» AIM OF THE TASK:
Set out the records again, keeping every word as it is.

[Data excerpts]
↓
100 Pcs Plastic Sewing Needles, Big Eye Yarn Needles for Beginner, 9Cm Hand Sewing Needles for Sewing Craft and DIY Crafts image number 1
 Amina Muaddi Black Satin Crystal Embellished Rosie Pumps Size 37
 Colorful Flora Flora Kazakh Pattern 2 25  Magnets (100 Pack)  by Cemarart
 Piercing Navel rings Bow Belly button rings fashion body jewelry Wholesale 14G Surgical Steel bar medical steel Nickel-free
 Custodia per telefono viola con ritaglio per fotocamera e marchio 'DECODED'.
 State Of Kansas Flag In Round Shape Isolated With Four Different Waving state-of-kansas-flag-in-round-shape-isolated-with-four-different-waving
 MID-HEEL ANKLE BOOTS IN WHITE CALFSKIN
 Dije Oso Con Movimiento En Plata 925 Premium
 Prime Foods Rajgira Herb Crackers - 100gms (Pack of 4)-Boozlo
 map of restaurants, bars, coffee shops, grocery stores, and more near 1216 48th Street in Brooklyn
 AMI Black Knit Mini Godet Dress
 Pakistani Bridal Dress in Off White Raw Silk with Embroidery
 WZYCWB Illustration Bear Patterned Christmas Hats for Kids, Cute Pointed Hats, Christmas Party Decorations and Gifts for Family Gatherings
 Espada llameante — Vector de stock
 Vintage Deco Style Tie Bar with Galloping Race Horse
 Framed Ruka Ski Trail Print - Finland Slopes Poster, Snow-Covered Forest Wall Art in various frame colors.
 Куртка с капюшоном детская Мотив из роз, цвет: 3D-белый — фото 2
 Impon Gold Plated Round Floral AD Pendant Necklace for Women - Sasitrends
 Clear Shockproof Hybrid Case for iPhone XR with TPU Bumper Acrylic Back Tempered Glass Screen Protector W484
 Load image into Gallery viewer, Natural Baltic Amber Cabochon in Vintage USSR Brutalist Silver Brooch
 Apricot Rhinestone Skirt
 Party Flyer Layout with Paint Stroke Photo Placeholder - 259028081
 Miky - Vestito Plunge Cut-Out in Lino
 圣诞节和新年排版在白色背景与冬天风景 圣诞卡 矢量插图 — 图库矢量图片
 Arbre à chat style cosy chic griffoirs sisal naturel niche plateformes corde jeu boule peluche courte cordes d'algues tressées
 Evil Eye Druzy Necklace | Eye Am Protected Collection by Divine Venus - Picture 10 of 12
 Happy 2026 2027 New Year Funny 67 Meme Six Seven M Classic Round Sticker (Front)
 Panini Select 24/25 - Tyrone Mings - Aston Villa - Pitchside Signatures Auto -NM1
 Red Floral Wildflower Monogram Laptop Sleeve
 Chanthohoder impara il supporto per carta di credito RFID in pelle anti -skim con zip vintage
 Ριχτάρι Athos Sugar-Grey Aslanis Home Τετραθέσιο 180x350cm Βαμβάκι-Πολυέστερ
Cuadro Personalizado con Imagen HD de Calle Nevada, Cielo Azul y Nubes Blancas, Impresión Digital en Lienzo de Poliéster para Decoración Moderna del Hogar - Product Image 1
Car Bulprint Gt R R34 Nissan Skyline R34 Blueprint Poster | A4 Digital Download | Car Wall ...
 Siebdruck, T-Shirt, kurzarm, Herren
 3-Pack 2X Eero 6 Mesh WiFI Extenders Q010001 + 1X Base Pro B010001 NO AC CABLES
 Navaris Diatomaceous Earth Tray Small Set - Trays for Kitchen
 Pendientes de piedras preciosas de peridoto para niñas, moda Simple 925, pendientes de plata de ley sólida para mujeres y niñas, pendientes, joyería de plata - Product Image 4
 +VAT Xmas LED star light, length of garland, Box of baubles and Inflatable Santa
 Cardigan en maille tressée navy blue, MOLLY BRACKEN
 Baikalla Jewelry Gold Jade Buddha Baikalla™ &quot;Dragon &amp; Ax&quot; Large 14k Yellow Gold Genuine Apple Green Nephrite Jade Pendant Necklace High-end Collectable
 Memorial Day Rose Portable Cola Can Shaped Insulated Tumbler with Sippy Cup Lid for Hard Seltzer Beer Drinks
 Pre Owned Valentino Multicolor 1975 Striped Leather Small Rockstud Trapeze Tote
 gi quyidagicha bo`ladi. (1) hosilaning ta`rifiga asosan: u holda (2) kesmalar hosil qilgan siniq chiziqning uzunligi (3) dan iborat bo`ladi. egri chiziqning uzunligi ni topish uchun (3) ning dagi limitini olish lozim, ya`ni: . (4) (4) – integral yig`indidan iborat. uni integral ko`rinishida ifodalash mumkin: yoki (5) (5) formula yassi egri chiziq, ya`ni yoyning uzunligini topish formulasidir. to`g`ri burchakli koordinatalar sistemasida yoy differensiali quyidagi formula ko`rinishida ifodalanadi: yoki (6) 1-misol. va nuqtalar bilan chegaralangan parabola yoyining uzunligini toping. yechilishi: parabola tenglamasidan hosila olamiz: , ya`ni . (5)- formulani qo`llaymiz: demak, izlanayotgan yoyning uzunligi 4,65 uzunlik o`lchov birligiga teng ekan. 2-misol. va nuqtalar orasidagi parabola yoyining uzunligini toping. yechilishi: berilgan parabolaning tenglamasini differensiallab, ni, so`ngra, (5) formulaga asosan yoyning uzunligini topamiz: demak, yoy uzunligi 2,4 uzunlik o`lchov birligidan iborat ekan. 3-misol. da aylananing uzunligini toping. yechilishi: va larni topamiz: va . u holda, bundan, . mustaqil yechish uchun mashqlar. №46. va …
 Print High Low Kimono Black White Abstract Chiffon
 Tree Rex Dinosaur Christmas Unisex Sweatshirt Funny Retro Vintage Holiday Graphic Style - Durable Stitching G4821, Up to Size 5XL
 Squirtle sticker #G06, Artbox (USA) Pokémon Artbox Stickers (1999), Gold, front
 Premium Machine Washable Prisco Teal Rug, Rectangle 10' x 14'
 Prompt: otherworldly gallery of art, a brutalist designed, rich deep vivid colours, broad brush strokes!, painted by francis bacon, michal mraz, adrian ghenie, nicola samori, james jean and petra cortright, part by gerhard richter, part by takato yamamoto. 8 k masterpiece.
↑
» TASK OUTPUT:
100 Pcs Plastic Sewing Needles, Big Eye Yarn Needles for Beginner, 9Cm Hand Sewing Needles for Sewing Craft and DIY Crafts image number 1
 Amina Muaddi Black Satin Crystal Embellished Rosie Pumps Size 37
 Colorful Flora Flora Kazakh Pattern 2 25  Magnets (100 Pack)  by Cemarart
 Piercing Navel rings Bow Belly button rings fashion body jewelry Wholesale 14G Surgical Steel bar medical steel Nickel-free
 Custodia per telefono viola con ritaglio per fotocamera e marchio 'DECODED'.
 State Of Kansas Flag In Round Shape Isolated With Four Different Waving state-of-kansas-flag-in-round-shape-isolated-with-four-different-waving
 MID-HEEL ANKLE BOOTS IN WHITE CALFSKIN
 Dije Oso Con Movimiento En Plata 925 Premium
 Prime Foods Rajgira Herb Crackers - 100gms (Pack of 4)-Boozlo
 map of restaurants, bars, coffee shops, grocery stores, and more near 1216 48th Street in Brooklyn
 AMI Black Knit Mini Godet Dress
 Pakistani Bridal Dress in Off White Raw Silk with Embroidery
 WZYCWB Illustration Bear Patterned Christmas Hats for Kids, Cute Pointed Hats, Christmas Party Decorations and Gifts for Family Gatherings
 Espada llameante — Vector de stock
 Vintage Deco Style Tie Bar with Galloping Race Horse
 Framed Ruka Ski Trail Print - Finland Slopes Poster, Snow-Covered Forest Wall Art in various frame colors.
 Куртка с капюшоном детская Мотив из роз, цвет: 3D-белый — фото 2
 Impon Gold Plated Round Floral AD Pendant Necklace for Women - Sasitrends
 Clear Shockproof Hybrid Case for iPhone XR with TPU Bumper Acrylic Back Tempered Glass Screen Protector W484
 Load image into Gallery viewer, Natural Baltic Amber Cabochon in Vintage USSR Brutalist Silver Brooch
 Apricot Rhinestone Skirt
 Party Flyer Layout with Paint Stroke Photo Placeholder - 259028081
 Miky - Vestito Plunge Cut-Out in Lino
 圣诞节和新年排版在白色背景与冬天风景 圣诞卡 矢量插图 — 图库矢量图片
 Arbre à chat style cosy chic griffoirs sisal naturel niche plateformes corde jeu boule peluche courte cordes d'algues tressées
 Evil Eye Druzy Necklace | Eye Am Protected Collection by Divine Venus - Picture 10 of 12
 Happy 2026 2027 New Year Funny 67 Meme Six Seven M Classic Round Sticker (Front)
 Panini Select 24/25 - Tyrone Mings - Aston Villa - Pitchside Signatures Auto -NM1
 Red Floral Wildflower Monogram Laptop Sleeve
 Chanthohoder impara il supporto per carta di credito RFID in pelle anti -skim con zip vintage
 Ριχτάρι Athos Sugar-Grey Aslanis Home Τετραθέσιο 180x350cm Βαμβάκι-Πολυέστερ
Cuadro Personalizado con Imagen HD de Calle Nevada, Cielo Azul y Nubes Blancas, Impresión Digital en Lienzo de Poliéster para Decoración Moderna del Hogar - Product Image 1
Car Bulprint Gt R R34 Nissan Skyline R34 Blueprint Poster | A4 Digital Download | Car Wall ...
 Siebdruck, T-Shirt, kurzarm, Herren
 3-Pack 2X Eero 6 Mesh WiFI Extenders Q010001 + 1X Base Pro B010001 NO AC CABLES
 Navaris Diatomaceous Earth Tray Small Set - Trays for Kitchen
 Pendientes de piedras preciosas de peridoto para niñas, moda Simple 925, pendientes de plata de ley sólida para mujeres y niñas, pendientes, joyería de plata - Product Image 4
 +VAT Xmas LED star light, length of garland, Box of baubles and Inflatable Santa
 Cardigan en maille tressée navy blue, MOLLY BRACKEN
 Baikalla Jewelry Gold Jade Buddha Baikalla™ &quot;Dragon &amp; Ax&quot; Large 14k Yellow Gold Genuine Apple Green Nephrite Jade Pendant Necklace High-end Collectable
 Memorial Day Rose Portable Cola Can Shaped Insulated Tumbler with Sippy Cup Lid for Hard Seltzer Beer Drinks
 Pre Owned Valentino Multicolor 1975 Striped Leather Small Rockstud Trapeze Tote
 gi quyidagicha bo`ladi. (1) hosilaning ta`rifiga asosan: u holda (2) kesmalar hosil qilgan siniq chiziqning uzunligi (3) dan iborat bo`ladi. egri chiziqning uzunligi ni topish uchun (3) ning dagi limitini olish lozim, ya`ni: . (4) (4) – integral yig`indidan iborat. uni integral ko`rinishida ifodalash mumkin: yoki (5) (5) formula yassi egri chiziq, ya`ni yoyning uzunligini topish formulasidir. to`g`ri burchakli koordinatalar sistemasida yoy differensiali quyidagi formula ko`rinishida ifodalanadi: yoki (6) 1-misol. va nuqtalar bilan chegaralangan parabola yoyining uzunligini toping. yechilishi: parabola tenglamasidan hosila olamiz: , ya`ni . (5)- formulani qo`llaymiz: demak, izlanayotgan yoyning uzunligi 4,65 uzunlik o`lchov birligiga teng ekan. 2-misol. va nuqtalar orasidagi parabola yoyining uzunligini toping. yechilishi: berilgan parabolaning tenglamasini differensiallab, ni, so`ngra, (5) formulaga asosan yoyning uzunligini topamiz: demak, yoy uzunligi 2,4 uzunlik o`lchov birligidan iborat ekan. 3-misol. da aylananing uzunligini toping. yechilishi: va larni topamiz: va . u holda, bundan, . mustaqil yechish uchun mashqlar. №46. va …
 Print High Low Kimono Black White Abstract Chiffon
 Tree Rex Dinosaur Christmas Unisex Sweatshirt Funny Retro Vintage Holiday Graphic Style - Durable Stitching G4821, Up to Size 5XL
 Squirtle sticker #G06, Artbox (USA) Pokémon Artbox Stickers (1999), Gold, front
 Premium Machine Washable Prisco Teal Rug, Rectangle 10' x 14'
 Prompt: otherworldly gallery of art, a brutalist designed, rich deep vivid colours, broad brush strokes!, painted by francis bacon, michal mraz, adrian ghenie, nicola samori, james jean and petra cortright, part by gerhard richter, part by takato yamamoto. 8 k masterpiece.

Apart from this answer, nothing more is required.